OIMAKU de la abuela de T., de visita como nosotros en el hospital, sentada en una silla, junto a la ventana desde donde se veía una puesta de sol espléndida, el cielo rojo como si el día lo exprimiera por completo, diciendo para sus adentros pero, en realidad, a todos los que estábamos en la sala: «Sabadell s’ha fet gran. Setmenat s’ha fet gran. Tot s’ha fet gran. No sé què passa!».
Archivo por meses: noviembre 2009
OIMAKU del Morris
OIMAKU del primer coche de mi padre, un Morris Mini Minor. Él se cabreaba horrores cuando no funcionaba y le daba patadas de rabia, pero la chapa era tan dura que mi padre se hacia daño en el pie y la carrocería ni se abollaba. Era pequeño y de color verde, y sólo tenía dos puertas. Nos recuerdo a mi madre y a mí, asomados a la ventana de la cocina, apenados como si asistiéramos a una marcha fúnebre, contemplando cómo la grúa se lo llevaba al desguace para siempre. Ninguno de sus sucesores aguanto con tal entereza las coces de mi padre.
OIMAKU del Telesketch
OIMAKU del Telesketch y de lo mucho que me gustaba y de lo muchísimo que me frustraba no ser capaz de dibujar nada que realmente me quedara bien y de la pena que me dio cuando el polvo de la pantalla dejó de pegarse bien y el espacio para dibujar se hizo menor y de cómo una de las ruedas de los controles dejó de funcionar y de cómo, finalmente, el juguete se rompió.
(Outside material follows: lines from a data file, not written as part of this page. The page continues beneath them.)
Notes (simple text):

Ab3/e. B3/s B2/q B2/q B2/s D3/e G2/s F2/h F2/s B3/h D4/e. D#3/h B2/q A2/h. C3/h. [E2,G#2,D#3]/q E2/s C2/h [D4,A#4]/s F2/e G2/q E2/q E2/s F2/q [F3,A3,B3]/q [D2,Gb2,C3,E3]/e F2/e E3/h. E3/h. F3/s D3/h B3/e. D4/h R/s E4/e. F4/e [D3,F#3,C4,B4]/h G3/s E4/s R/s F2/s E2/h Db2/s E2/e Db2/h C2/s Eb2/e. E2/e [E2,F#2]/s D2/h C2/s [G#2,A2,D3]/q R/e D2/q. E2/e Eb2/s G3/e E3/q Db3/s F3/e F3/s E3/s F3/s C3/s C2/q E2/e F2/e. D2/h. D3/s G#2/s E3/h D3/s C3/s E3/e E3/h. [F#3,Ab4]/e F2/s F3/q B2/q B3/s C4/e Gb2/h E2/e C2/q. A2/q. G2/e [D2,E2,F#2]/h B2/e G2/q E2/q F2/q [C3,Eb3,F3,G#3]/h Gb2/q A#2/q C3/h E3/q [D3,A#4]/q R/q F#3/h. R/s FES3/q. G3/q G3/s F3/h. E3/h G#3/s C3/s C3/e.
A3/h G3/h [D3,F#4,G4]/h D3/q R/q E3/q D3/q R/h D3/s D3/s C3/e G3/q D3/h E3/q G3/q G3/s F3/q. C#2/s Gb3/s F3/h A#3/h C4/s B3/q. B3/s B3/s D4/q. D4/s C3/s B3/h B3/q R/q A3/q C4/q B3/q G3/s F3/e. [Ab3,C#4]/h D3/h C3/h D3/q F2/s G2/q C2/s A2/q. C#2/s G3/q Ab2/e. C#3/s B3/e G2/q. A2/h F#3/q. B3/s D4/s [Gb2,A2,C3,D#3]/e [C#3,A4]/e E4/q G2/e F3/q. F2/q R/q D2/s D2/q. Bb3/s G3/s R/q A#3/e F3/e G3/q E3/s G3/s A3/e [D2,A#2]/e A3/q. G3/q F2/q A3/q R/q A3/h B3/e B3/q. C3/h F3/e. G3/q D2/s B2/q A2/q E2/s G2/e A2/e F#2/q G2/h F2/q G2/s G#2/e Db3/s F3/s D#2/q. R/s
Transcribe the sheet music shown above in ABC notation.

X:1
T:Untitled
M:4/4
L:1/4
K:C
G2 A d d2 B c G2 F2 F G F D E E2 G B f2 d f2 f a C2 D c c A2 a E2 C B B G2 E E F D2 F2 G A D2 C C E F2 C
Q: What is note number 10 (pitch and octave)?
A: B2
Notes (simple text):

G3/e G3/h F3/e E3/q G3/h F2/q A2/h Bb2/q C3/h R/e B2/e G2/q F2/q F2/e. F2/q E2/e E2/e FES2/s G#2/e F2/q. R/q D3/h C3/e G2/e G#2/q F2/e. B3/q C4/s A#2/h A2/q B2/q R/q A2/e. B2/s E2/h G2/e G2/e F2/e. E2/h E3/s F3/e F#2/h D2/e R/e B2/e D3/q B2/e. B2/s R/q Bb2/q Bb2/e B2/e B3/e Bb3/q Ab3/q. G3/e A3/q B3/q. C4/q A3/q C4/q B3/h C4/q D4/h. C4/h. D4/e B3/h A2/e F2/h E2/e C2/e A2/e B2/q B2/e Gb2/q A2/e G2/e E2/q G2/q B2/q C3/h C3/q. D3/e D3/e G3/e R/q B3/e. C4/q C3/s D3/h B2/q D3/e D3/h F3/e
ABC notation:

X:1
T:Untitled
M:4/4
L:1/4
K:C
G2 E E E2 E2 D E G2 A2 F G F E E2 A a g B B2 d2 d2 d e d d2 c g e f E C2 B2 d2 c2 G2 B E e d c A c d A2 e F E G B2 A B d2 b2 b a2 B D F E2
OIMAKU del pedo a favor del viento
OIMAKU del día en que, de madrugada, volvíamos de fiesta M., T. y yo. Soplaba un viento muy fuerte. Yo iba detrás de ambos cuando se me aflojó el vientre, a un par de metros. M. le dijo a T. «¡Qué peste!» y T. respondió «Deben de ser las alcantarillas». Yo, inconscientemente, me disculpé y me delaté. No se lo hubieran imaginado en la vida si no hubiera abierto la boca. M. no paraba de decir «Pero cómo puede ser, ¡si ibas detrás nuestro!».
OIMAKU de la epidural
OIMAKU de la vez que me pusieron la epidural. Veo todavía la aguja larguísima y fina que me clavó la anestesista. No tuve miedo pero me sentí indefenso. Apenas noté el pinchazo pero, justo al empezar a inyectarme el líquido, algo similar a una descarga eléctrica me bajó por el cuerpo hasta la punta del pie derecho, haciéndome sacudir involuntariamente la pierna. Desde entonces, mi espalda no quiere volver a entrar en un quirófano. Yo tampoco.
OIMAKU del Quina
OIMAKU del «Quina», el bar heavy por excelencia de nuestra industrializada ciudad; de cuando íbamos cuatro o cinco, y nos encontrábamos a otros tantos, y a algunos más que no conocíamos mucho, pero que de tanto tiempo arrancaban brindis y saludos; de los litros de kalimotxo y cerveza; de cuando íbamos los dos solos, y birra a birra nos reíamos, criticábamos y volvíamos a reír; de la canción que pedíamos una y otra vez, y de cómo nos peleábamos para ver quién iba a pedirla. Yo me resistía, porque a pesar de los años, me daba vergüenza pedirles nada a los del bar. Y él decía: «pero si a una chica le van a hacer más caso que a mí». Pero creo que, pidiera quien la pidiese, casi nunca dejaron de ponerla. Hace unos meses decidieron vender el bar, y hasta que esta mañana he vuelto a escuchar la canción, no me he dado cuenta de lo muchísimo que echo de menos aquel sitio.
OIMAKU de la hamaca
OIMAKU de la hamaca que había en el salón del piso de Horta. En verano, la colgabas de extremo a extremo y escuchabas música mirando a través de la ventana.
OIMAKU del conjunto verde
OIMAKU del conjunto de pantalón, camisa y chaleco verdes con que mi madre me vestía de pequeño. Hay que sumar el peinado con la perfecta raya al lado y los zapatos negros impolutos.
OIMAKU de udilchimi
OIMAKU de ««U? Udilchimi» «E! Erachigoboza»», el diálogo de besugos que tenían los dos monigotes vestidos de tenista pintados en la tapa del estuche de A. Sin saber de qué lengua se trataba, o si tan siquiera era una lengua, se convirtió en nuestro lema: absurdo pero repleto de fuerza.
OIMAKU de las colonias de mis padres
OIMAKU del intenso olor de la colonia Azur de Puig que se ponía mi madre y de la no menos fuerte Agua Brava de mi padre.